= Matakerepō =

Matakerepō, in a Māori story of the Arawa tribe of Rotorua, is a female ancestor of the hero Tāwhaki. She is an example of the 'female helper', a recurrent element in Polynesian myth and legend, who assists Tāwhaki to attain his quest of finding his wife and daughter, from whom he is estranged. Matakerepō is a somewhat threatening figure who must be placated.

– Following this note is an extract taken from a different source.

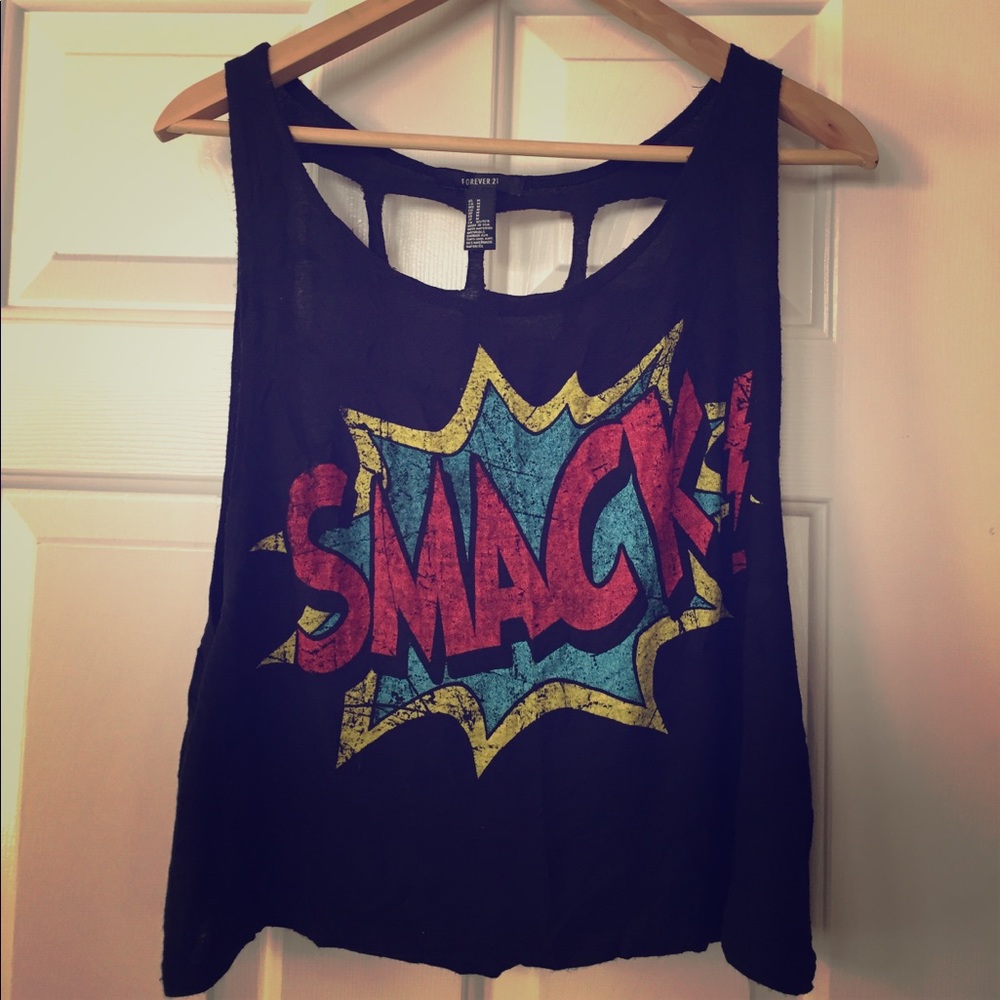 Forever 21 Cropped Graphic Tank Top M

Soon after Tāwhaki and his slave set off on their journey, they come upon Matakerepō guarding the vines (or ropes) that form the pathway up into the heavens, where Tāwhaki's daughter Puanga and his wife Hāpai are living. Matakerepō is blind. As she counts out the ten taro tubers that are heaped in front of her, Tāwhaki removes the tenth taro when Matakerepō has reached nine. She counts again, and this time Tāwhaki removes the ninth tuber. This continues until the old woman realises that someone is deceiving her.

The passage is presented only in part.